Finite-state automata (FSA)
Regular expressions
Operations on automata
Applications of FSA in NLP
1. Storing lexicons
Regular relations
Finite-state transducers (FSTs)
Properties of FSTs
Applications of FSTs in NLP
1. Morphological analysis
2. Part of speech tagging
3. Translation dictionaries
Extended regular expression languages
Replace rules and composition
Applications
1. Markup
2. Morphological analysis and generation
3. Shallow parsing
Available tools

Target Audience

This tutorial is designed for computer scientists and linguistics alike. Acquaintance with basic formal language theory and knowledge of some programming language will be useful, but not mandatory.

Shuly Wintner is an assistant professor in the Department of Computer Science at the University of Haifa, Israel. His research involves adaptation of computer science techniques and paradigms to computational linguistics, with an emphasis on formal grammars and finite-state devices.

What's New in Statistical Machine Translation

Kevin Knight and Philipp Koehn
http://www.isi.edu/~knight
http://www.isi.edu/~koehn

Accurate translation requires a great deal of knowledge about the usage and meaning of words, the structure of phrases, the meaning of sentences, and which real-life situations are plausible. Recently, there has been a fair amount of research into extracting translation-relevant knowledge automatically from large collections of manually-translated texts, and over the past years, several statistical MT projects have appeared in North America, Europe, and Asia, and the literature is growing substantially. We will overview this progress.

Tutorial Outline

Data for MT.
1. Bilingual corpora: what's out there?
2. Acquisition and cleaning.
3. What does three million words really mean?
MT Evaluation.
1. Manual and automatic.
Core Models and Decoders
1. IBM Models 1-5 and HMM models, training, decoding.
2. Word alignment and its evaluation.
3. Phrase models.
4. Syntax-based translation and language models.
Specialized Models.
1. Named entity MT, numbers and dates, morphology, noun phrase MT.
Available Resources.
1. tools and data.
Bibliography

Target Audience

The target audience for this tutorial is anyone interested in machine translation of human languages.

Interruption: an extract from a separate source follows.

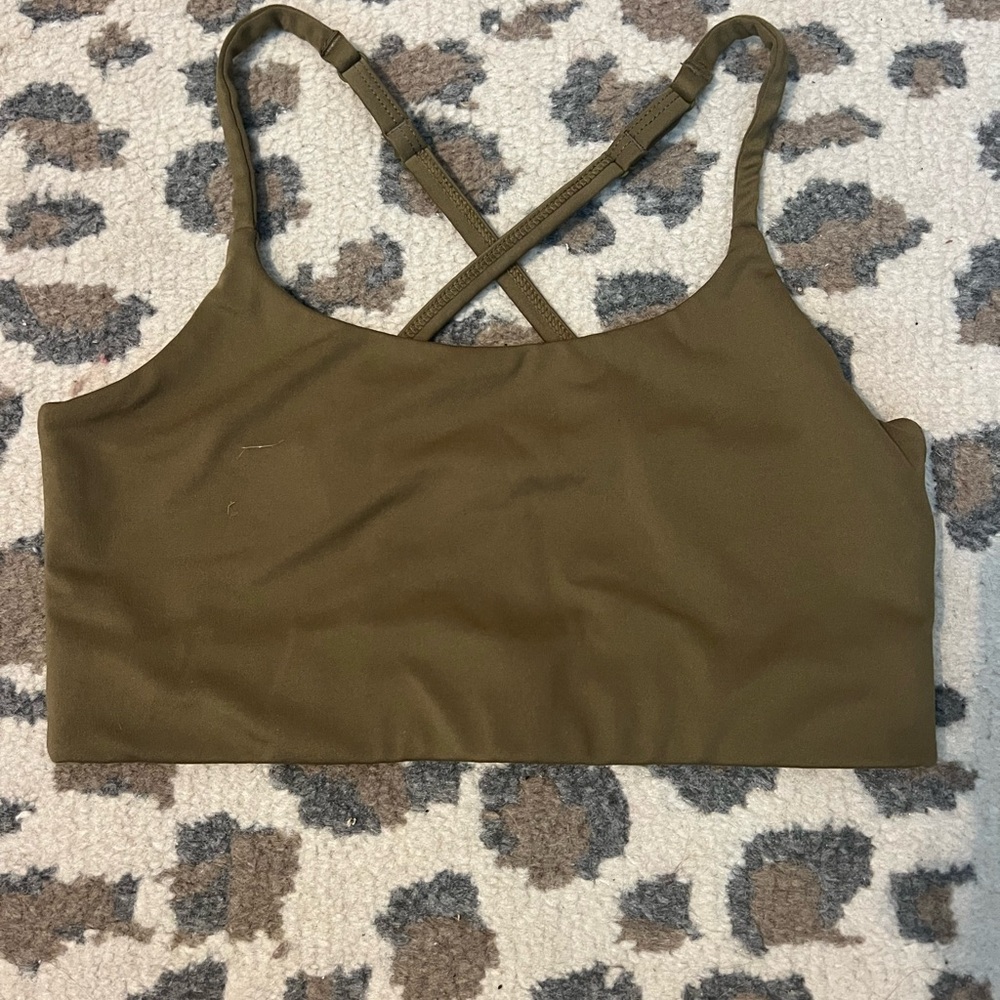 Girlfriend Collective Olive Green Sports Bra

Kevin Knight is a Senior Research Scientist at the USC/Information Sciences Institute and a Research Associate Professor in the Computer Science Department at USC. He has written a number of articles on statistical MT, plus a widely-circulated MT workbook (http://www.isi.edu/natural-language/mt/wkbk.rtf). Dr. Knight has given several invited talks on machine translation at recent AMTA and EMNLP conferences.

Philipp Koehn completed his Ph.D. in Computer Science at the University of Southern California in Fall 2003. He has written a number of articles on topics in statistical machine translation, including bilingual lexicon induction from monolingual corpora, word-level translation models, and translation with scarce resources. He has also worked at AT&T Laboratories on text-to-speech systems, and at WhizBang! Labs on text categorization.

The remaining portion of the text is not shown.